-- Data block --

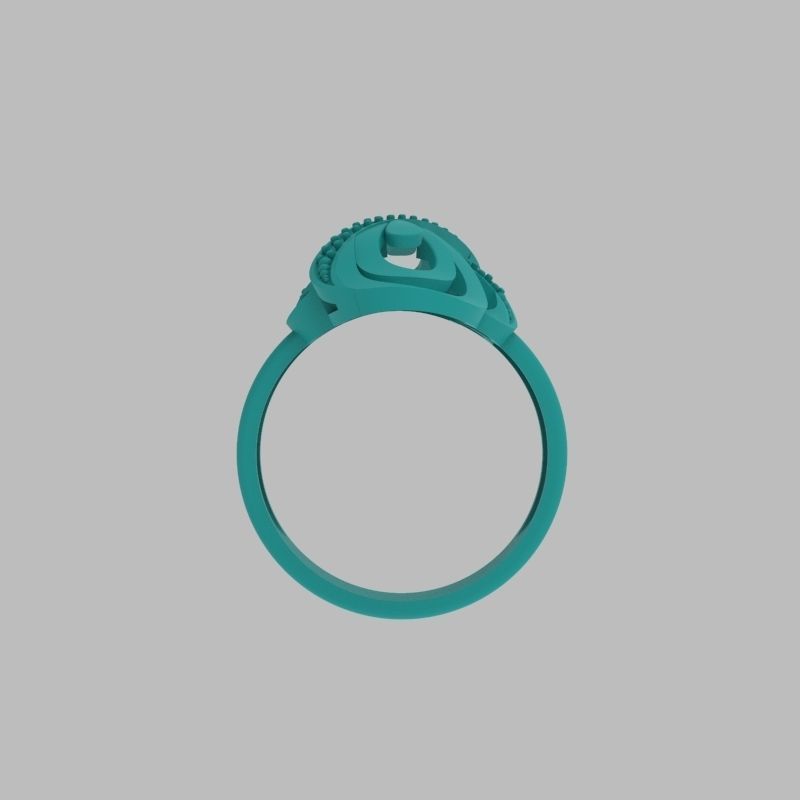 Women Diamond ring design 3dm stl 3D print model 3D print model_13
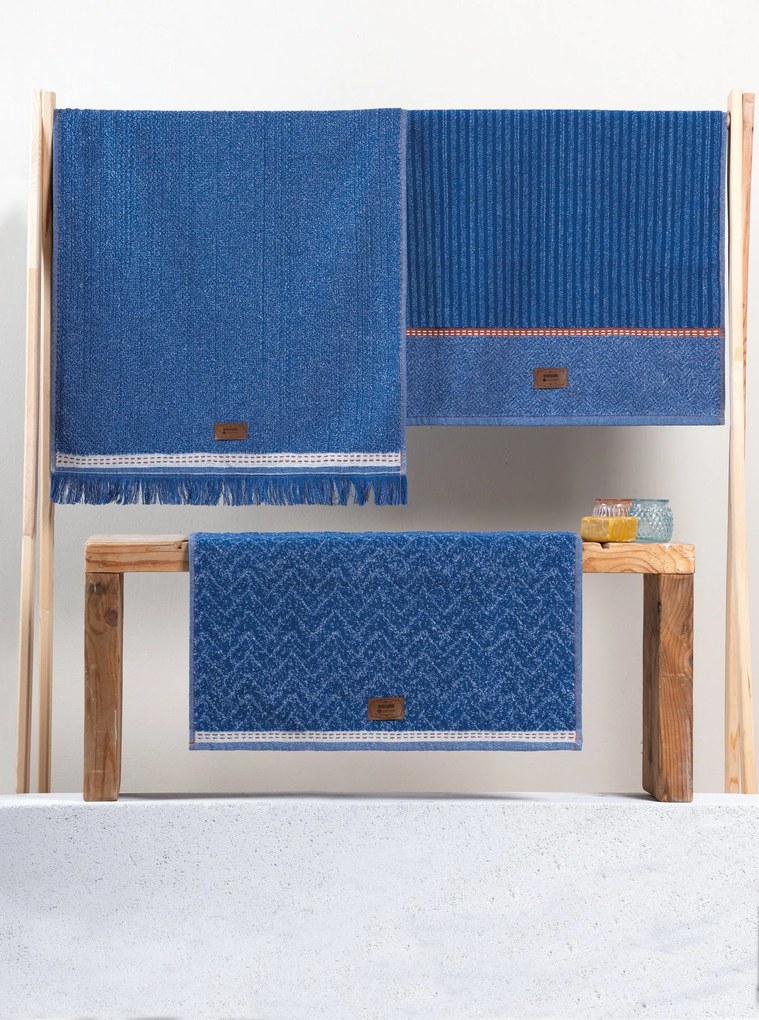 Kéztörlő Szett (3 db) Denim - kék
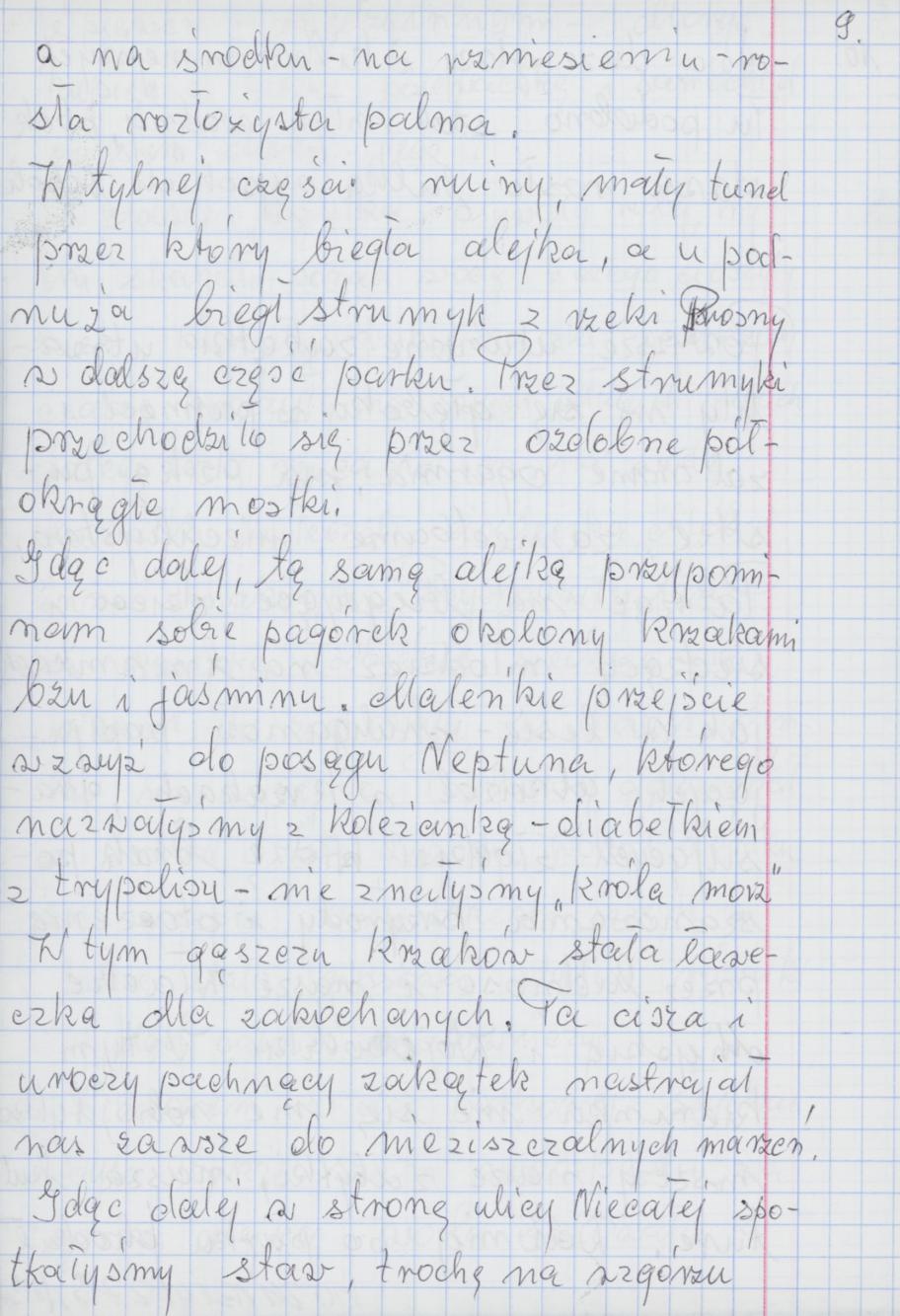 Moje ulubione miejsca spacerów w okresie międzywojennym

-- Exercise details --
Leaving out every picture, extract verbatim the lines from the one containing "Kéztörlő Szett (3 db) Denim - kék" through the last line of the listing, inclusive.

-- Exercise result --
 Kéztörlő Szett (3 db) Denim - kék
 Moje ulubione miejsca spacerów w okresie międzywojennym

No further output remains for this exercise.